Friday, August 25, 2017

The Contradictions of China’s Capitalism

 The spectacle of a so called 'communist' regime trying to jack up a casino-like capitalist market is just one of the many contradictions that have been accumulating in almost every corner of China’s economy and politics.

 And now, their weight is perhaps becoming too heavy for the Party hierarchy to bear.   Indeed, the composition of the CCP is itself a contradiction. The 'revolutionary' party of peasants and workers is now dominated by businessmen, college students, and professionals. One-third of the people listed in the Hurun Report, the Shanghai-based monitor of China’s wealthiest people, are Party members.

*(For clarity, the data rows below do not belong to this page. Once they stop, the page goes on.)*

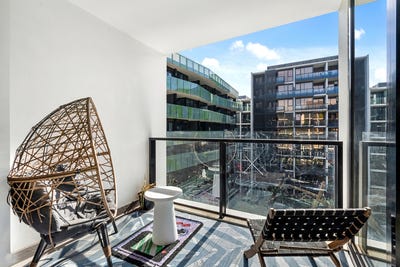 /international/au/610a-609-victoria-street-abbotsford-vic-151060148/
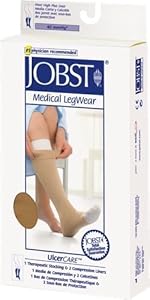 Product image for barcode 782794815793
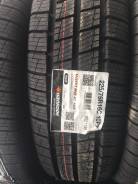 Hankook vantra st as2 ra30. Vantra St as2 ra30. 235/65 R16c Hankook Vantra St as2 ra-30. 195/75r16c 107/105r Hankook Vantra St as2 ra30.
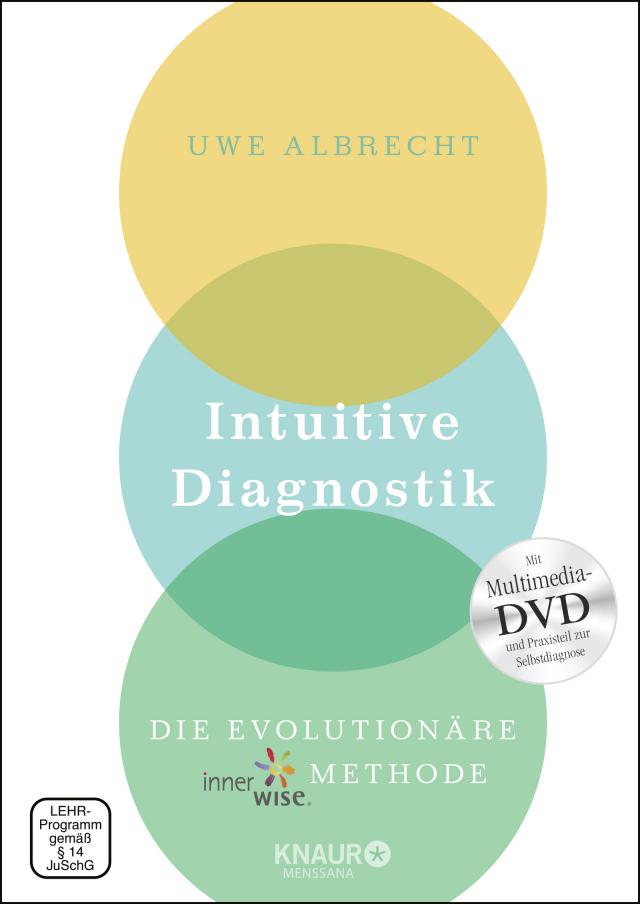 Intuitive Diagnostik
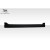 2003-2008 Toyota Corolla Target Side Skirts - 2 Piece - image 12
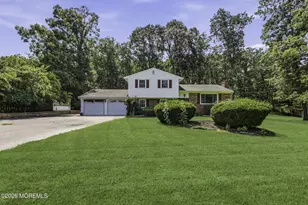 221 New Central Ave, Jackson, NJ 08527 - Photo 3
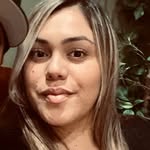 Elizabeth Garcia - @issa_beth - Instagram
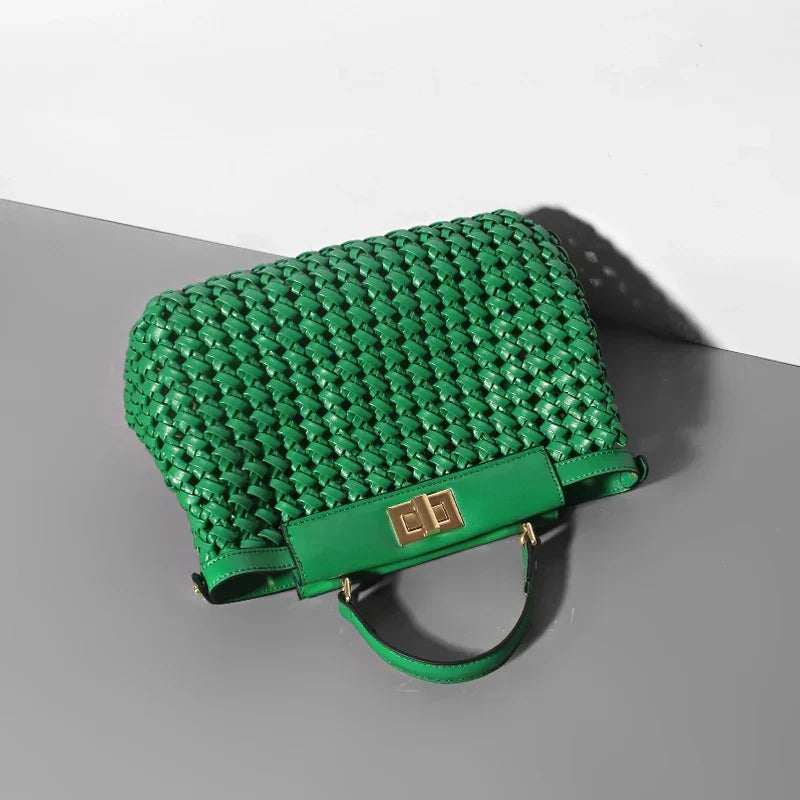 BORSA - LIS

 The average wealth of the richest 70 members of the National People’s Congress, China’s parliament, far exceeds $1 billion. (The richest 70 members of India’s parliament or even the US Congress, both now controlled by right-wing political parties, are substantially less wealthy.)

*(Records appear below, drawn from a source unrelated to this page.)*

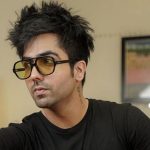 Hardy Sandhu cricket career: Here's how former India U-19 pacer went off the radar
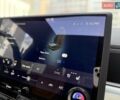 Черный Лексус ГХ, объемом двигателя 3.5 л и пробегом 10 тыс. км за 111000 $, фото 23 на Automoto.ua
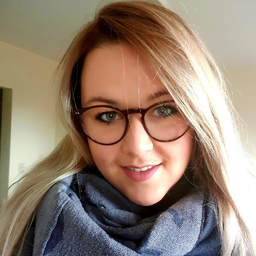 Evi Kriesel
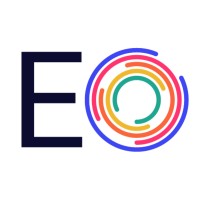 Entrepreneurs’ Organization (EO) Colorado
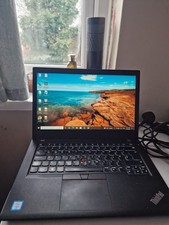 Laptops for sale - laptops,
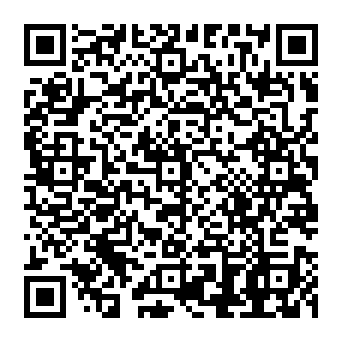 QR 9e3717b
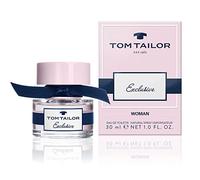 Tom Tailor Exclusive Woman EDT W 30 ml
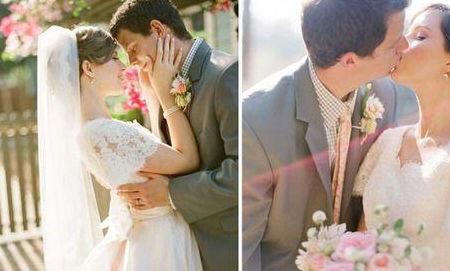 白发苍苍的生肖是哪个？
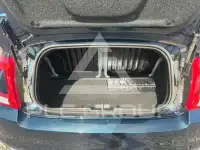 2022 Fiat 500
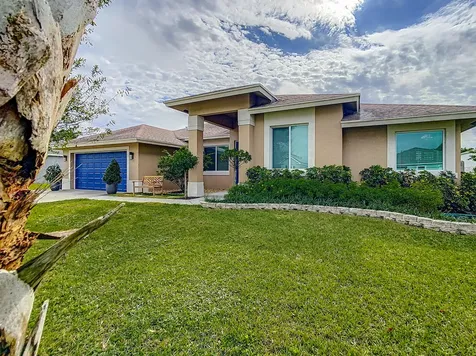 972 SW Jasper Avenue Port St Lucie FL 34953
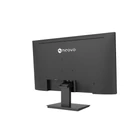 Kép 7/10 - AG Neovo LA-2703 - flicker-free LED monitor, HDMI, DP, VGA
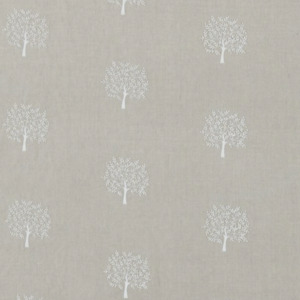 Morris   co fabric woodland embroideries 5 product listing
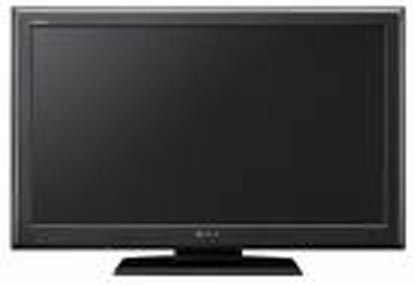 SONY 37 Inch (94cm) Full HD 1080 BRAVIA LCD TV with BRAVIA ENGINE 3 ...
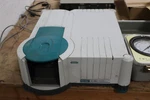 Varian Cary Uv-visible Spectrophotometer 50 Bio. Fixed Price $199.99.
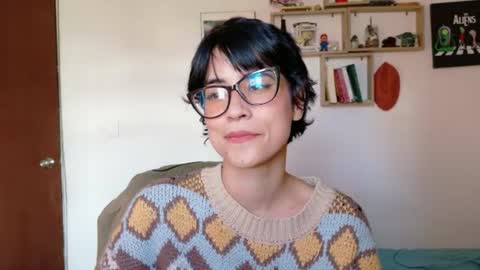Snapshot of susana_w chatting on 07/07/26, 03:05 susana_w online show from 07/07/26, 03:05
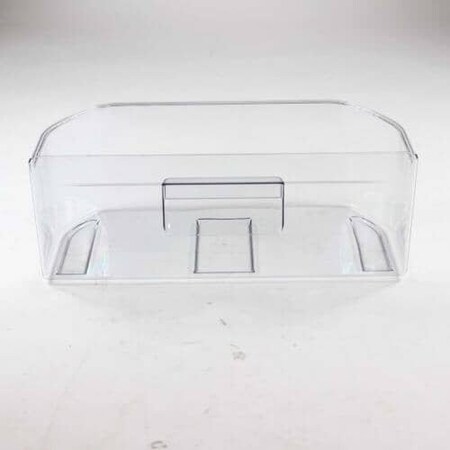 Blomberg CRISPER 4861600300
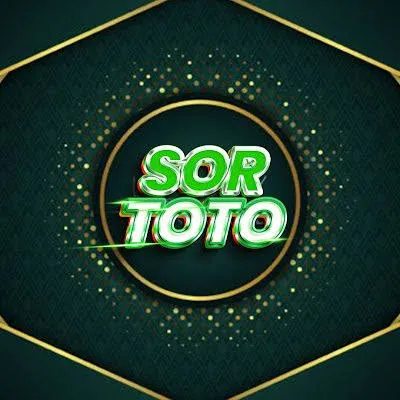SORTOTO - Petualangan Epik dalam Dunia RPG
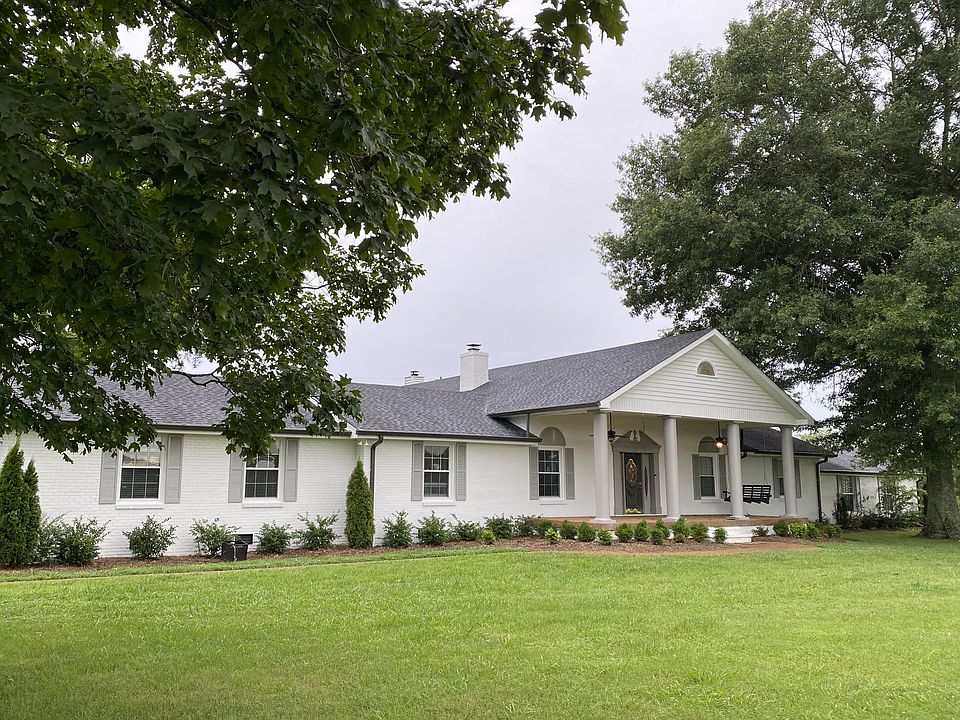 220 Burford Rd, Lebanon, TN 37087 MLS 2556826 Zillow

But, unlike in other capitalist economies, money is not the only tool at the authorities’ disposal. If your brokers in China advise you to sell shares, they must be careful not to appear to be rumormongers, subject to official punishment. And there are reports that sales of large holdings may trigger investigations by the authorities. Causing public disorder or financial instability can be a serious offense in China, where conspiracy theories about foreigners’ efforts to undermine the economy abound.

 What Chinese officials desire is a capitalist stock market without the possibility of large losses that can shake confidence in the CCP’s credibility and control. But that is a market that no one has yet invented.

As Socialists who have always held, like Marx, that socialism and democracy are inseparable and who denounced Lenin's distortion of Marxism right from 1917, we vehemently denied that it is socialism that failed in Eastern Europe. What has failed there is totalitarian state capitalism falsely masquerading as socialism.

Similarly but with more success apparently, the Chinese state capitalist dictatorship has developed capitalism on top of a backwards, feudal economy.

Socialism, as a worldwide society based on common ownership and democratic control of productive resources and the abolition of the wages system and the market with goods and services being produced and distributed to meet needs, has yet to be tried and more than ever remains the only way forward for humanity.